I took a stab at trying to figure out how much land it takes to power an internal combustion engine vehicle with ethanol vs what it takes to power an electric vehicle with solar energy.
The links in the embedded spreadsheet show my data sources. If any of these are inaccurate (or my calculations are wrong) please let me know.
Based on what I’m seeing, it looks like it takes a bit more than an acre of farmland dedicated to growing corn to power a single vehicle. That’s based on the amount of E85 fuel it would take, so it would also take some non-ethanol fuel to make that work.
For the electric car numbers, I used a watts/mile figure found on some Tesla forums and a land use calculation based on typical production of panels in large ground-mount systems. This came to 0.015 acres or 652 sq ft.
It seems like it’s quite a bit more efficient to convert solar energy into electricity, transfer that into car batteries, then use that power to turn an electric engine than it is to convert solar energy into plants, harvest those plants, convert those plants into ethanol, transfer that energy into car tanks, and convert that energy into small explosions to turn an internal combustion engine. If my numbers are correct, it looks like it’s around 70X more efficient from a land needed per vehicle perspective.

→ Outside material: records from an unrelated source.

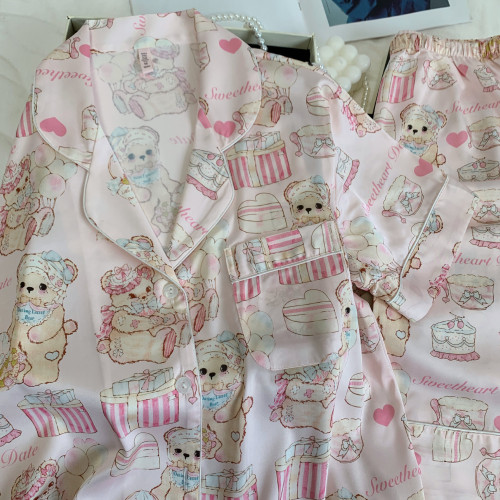 【蛋糕熊】三件套睡衣女短袖短褲卡通小熊冰雪絲家居服小紅書爆款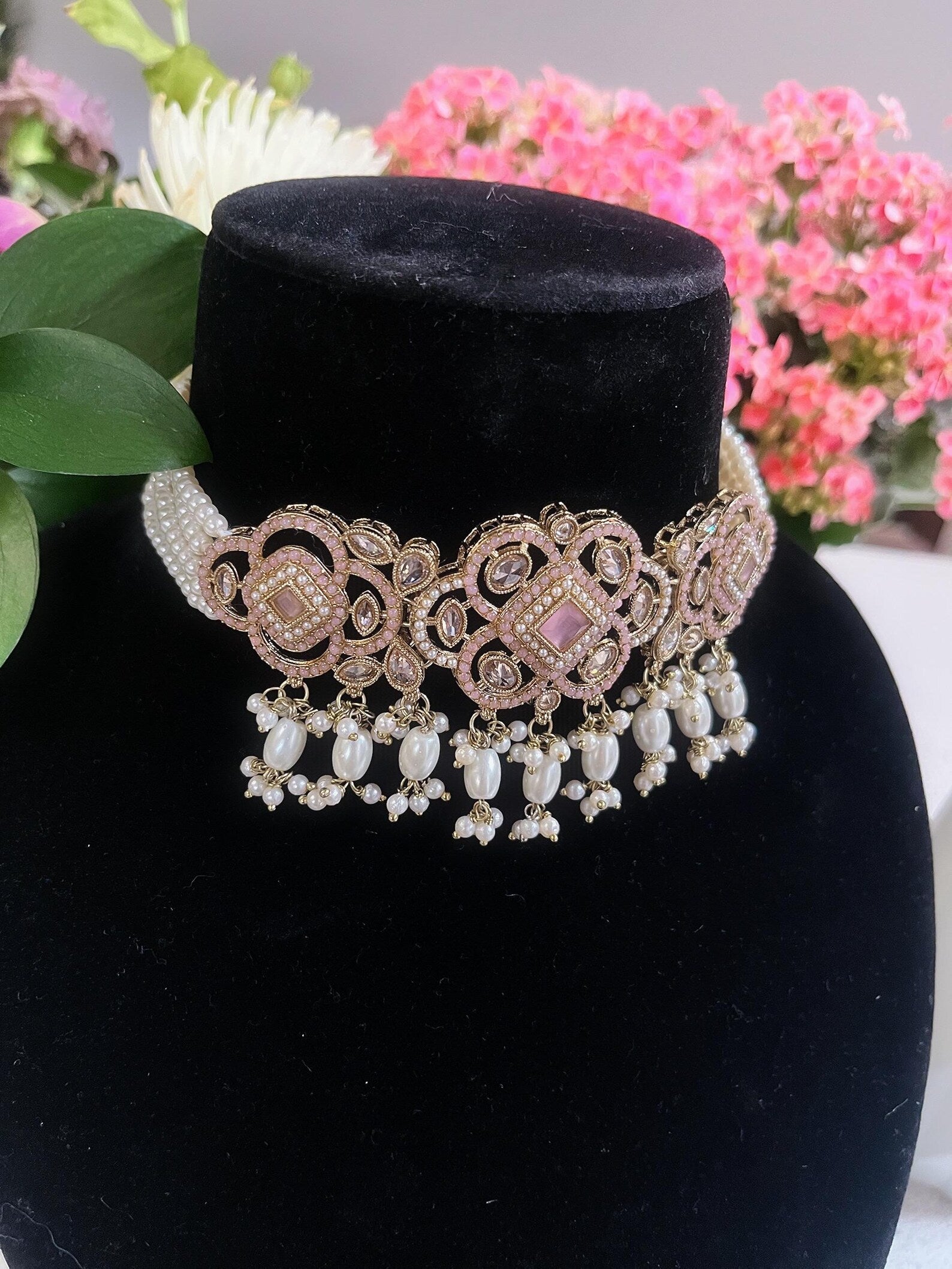 Baby Pink Choker Necklace, Earrings & Tikka Set | Lightweight Indian Jewelry | South Asian Jewelry | Pink Partywear Earrings | Pink Necklace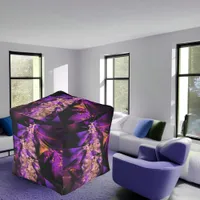 Modern fractal in black and purple pouf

While this could be looked at from a “what’s the best use of farmland?” perspective, it’s obviously worth noting that solar panels can be placed on a lot of surfaces other than farmland, including places that don’t consume any land, like rooftops.

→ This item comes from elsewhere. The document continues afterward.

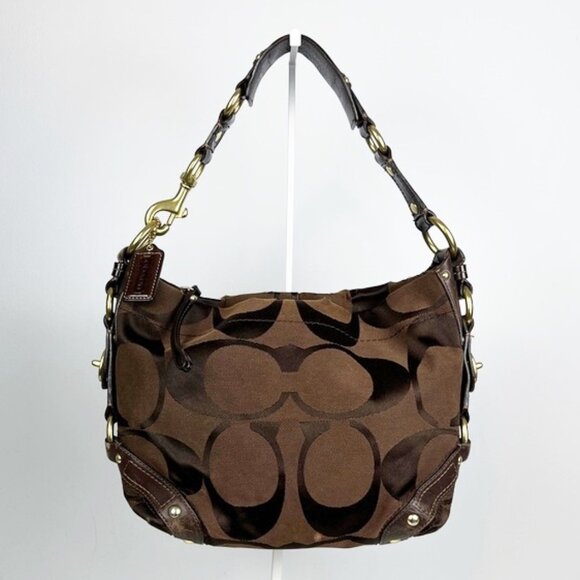 Coach Carly Y2K Brown Signature Canvas Leather Hobo Shoulder Bag 12871 - Picture 1 of 16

Another thing to consider: The cost to power an electric car can be significantly cheaper than what’s shown in the spreadsheet if you take advantage of electric vehicle charging and/or time of day pricing plans. Off-peak electricity rates (when your car is likely sitting in your garage) are far cheaper than standard residential rates.
But, wouldn’t that mean that you wouldn’t be using solar to charge your car? Correct. It looks like the future – at least in Minnesota – will involve powering our homes with solar & wind during the day and charging our vehicles with wind power overnight.